Eventually everyone realizes that, provided segmentation and conversion tracking capabilities, you can understand what consumers need and like. Turns out that if I know what you’re looking for (search) or what you’ll react to (FB), a 1080×1920 ad or 2 lines of well-crafted copy will do. No need to spend 1M in ad production to catch your attention if I know what will make you click.
Big ticket companies build in-house ad development capabilities and ad agencies feel the pain. How hard can it be to produce a bunch of banners/text blurbs for keyword search? GOOG/FB respond by ramping up the price of adv. They’re the true value-adders in the equation of customer acquisition, and they start charging for it accordingly now that they have everybody on board. Some competing players start to gain traction in the advertising ecosystem.
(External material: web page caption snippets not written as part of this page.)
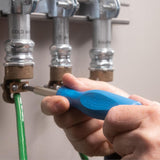 CHANNELLOCK 61H Destornillador profesional de múltiples puntas 6 en 1, fabricado en Estados Unidos, incluye puntas ranuradas, puntas Phillips y destornilladores de tuercas, eje de acero de aleación,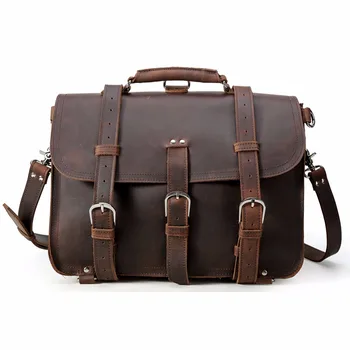 

Tiding Luxury Cowhide Travel Backpack 17 Inch Laptop Briefcase Mens Multi-function Adventure Shoulder Messenger Bag Brown 3533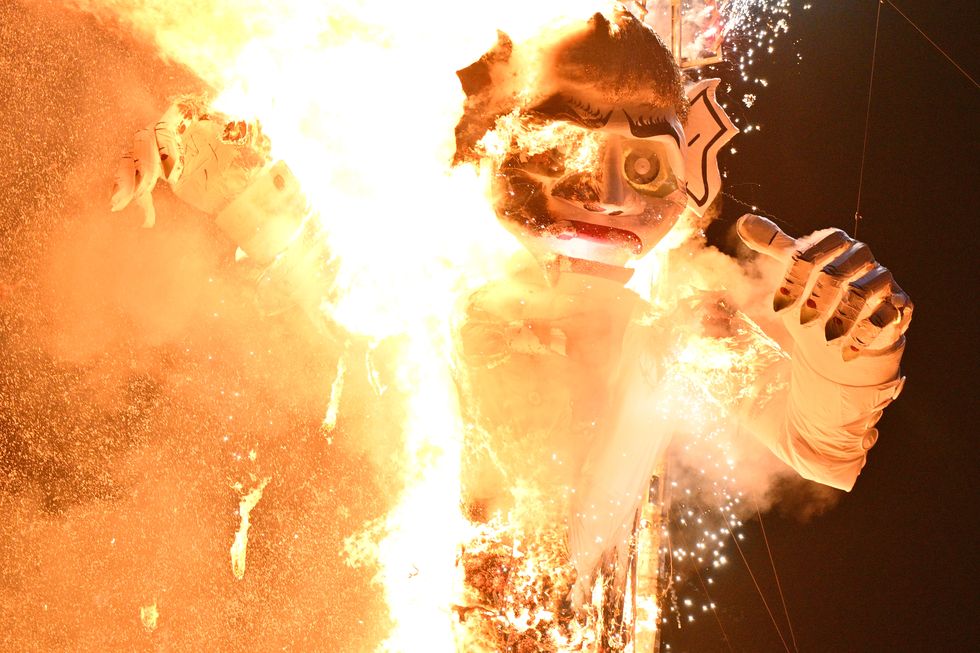 100° rogo annuale di Zozobra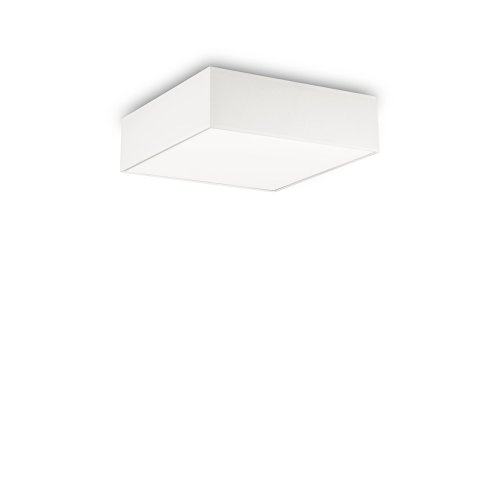 Светильник потолочный RITZ PL4 D50 Ideal Lux белый 4 лампы, основание белое в стиле современный квадраты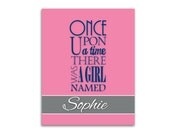 Once Upon A Time Custom Printable Children's Nursery Decor Art Digital JPEG File Wall Decor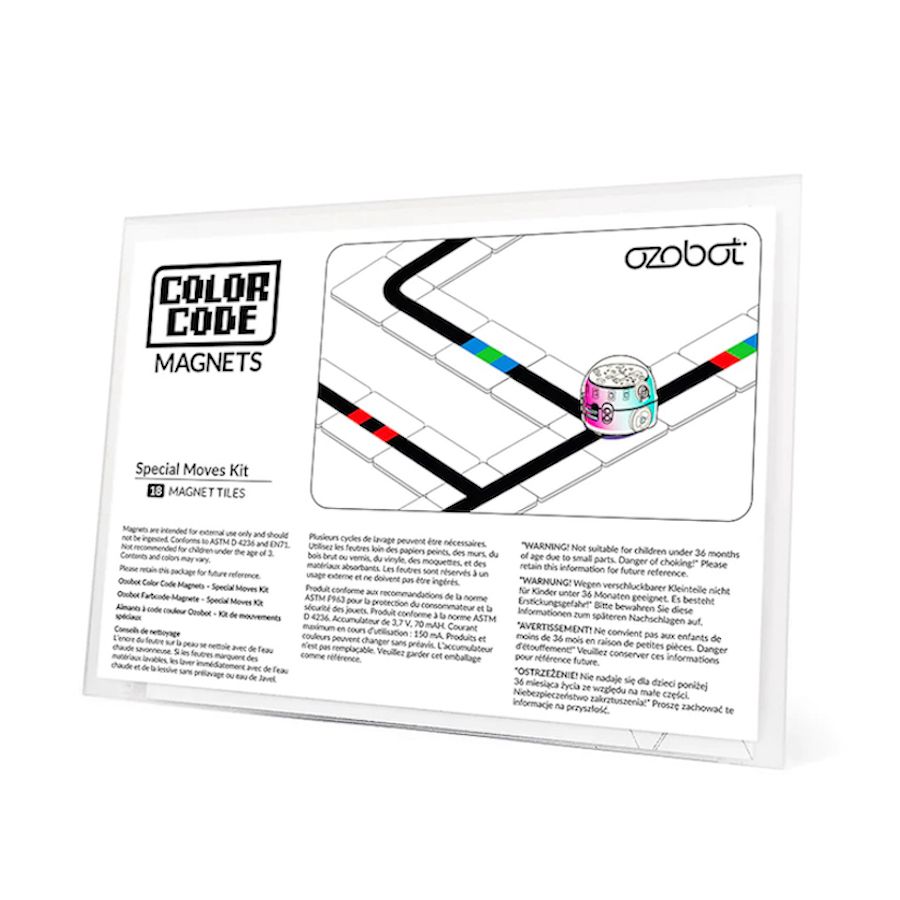 Ozobot Magnetkaartide liikumise lisakomplekt 18 tk Magnet värvikoodid pakuvad lõbusat ja interaktiivset viisi programmeerimispõhimõtete õpetamiseks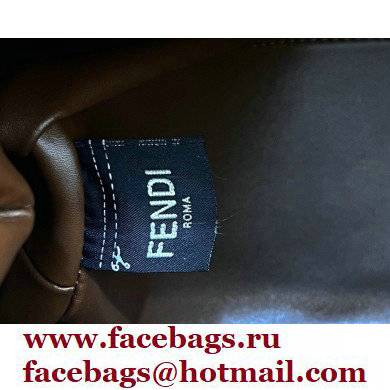 Fendi First Medium Crocodile Pattern Bag Coffee 2021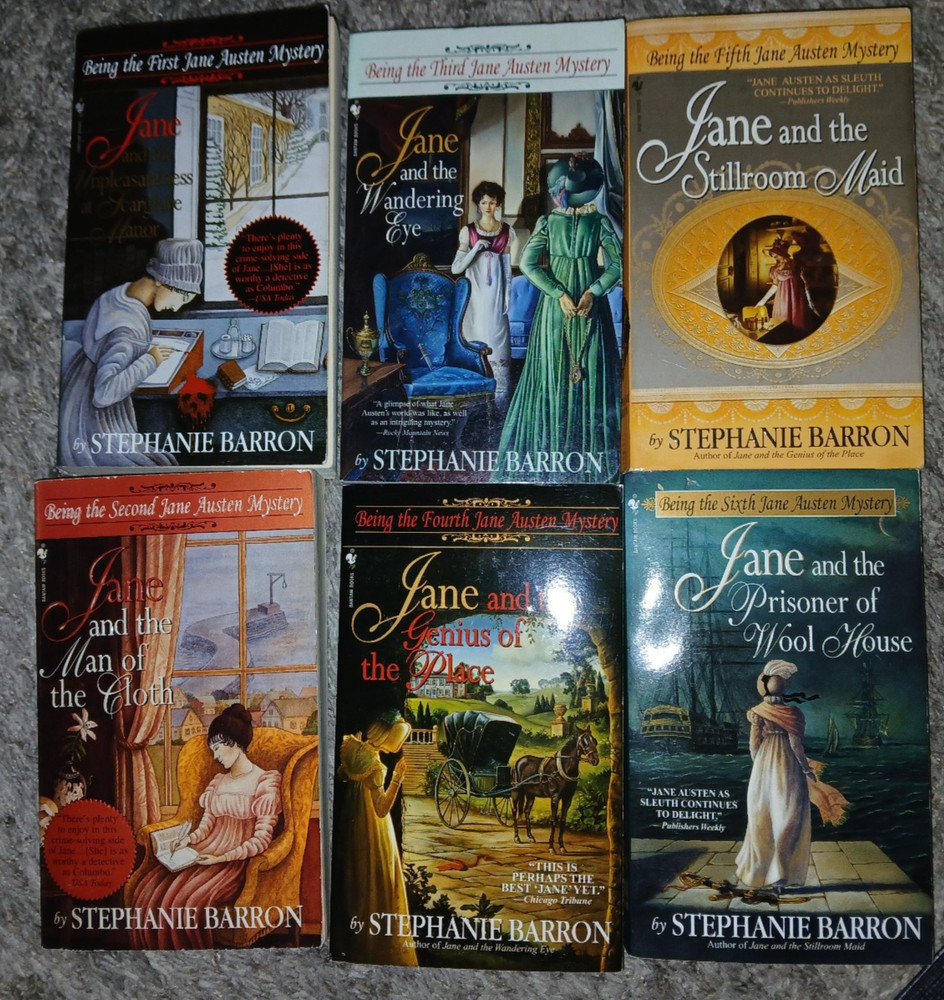 Jane Austen Mysteries Series by Stephanie Barron BOOKS # 1-6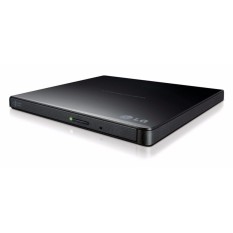 LG Electronics 8X USB 2.0 Super Multi Ultra Slim Portable DVDWriter Drive +/-RW Drive Eksternal dengan M-DISC Dukungan (Hitam) GP65NB-Intl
Amazon (31B in Adv Revenue in 2021) and TikTok are the bigger ones.
The Epitome of this era:

The End of the Second Age
It happened when Apple announced that it was implementing ATT.
What’s ATT? A new set of policies designed to “protect” (note the inverted commas) user privacy. Rolled out with iOS14 starting end 2020. Ben Thompson has greatly documented the specifics of ATT in Stratechery so do check it out for more information.
Why is it meaningful? It maims FB segmenting capabilities via two mechanisms:
- FB used to track not only user activity in its family of apps (which it still does) but the activity in other apps as well via IDFA (Identifier for Advertisers). As of iOS 14, people are now asked upfront if they wish to limit this tracking (most say yes).
- ATT bans FB and other apps from recollecting eComm behavioural data. This is a topic of much speculation as there are multiple gray zones, but for now it’s fair to say that it has impacted FB’s data gathering.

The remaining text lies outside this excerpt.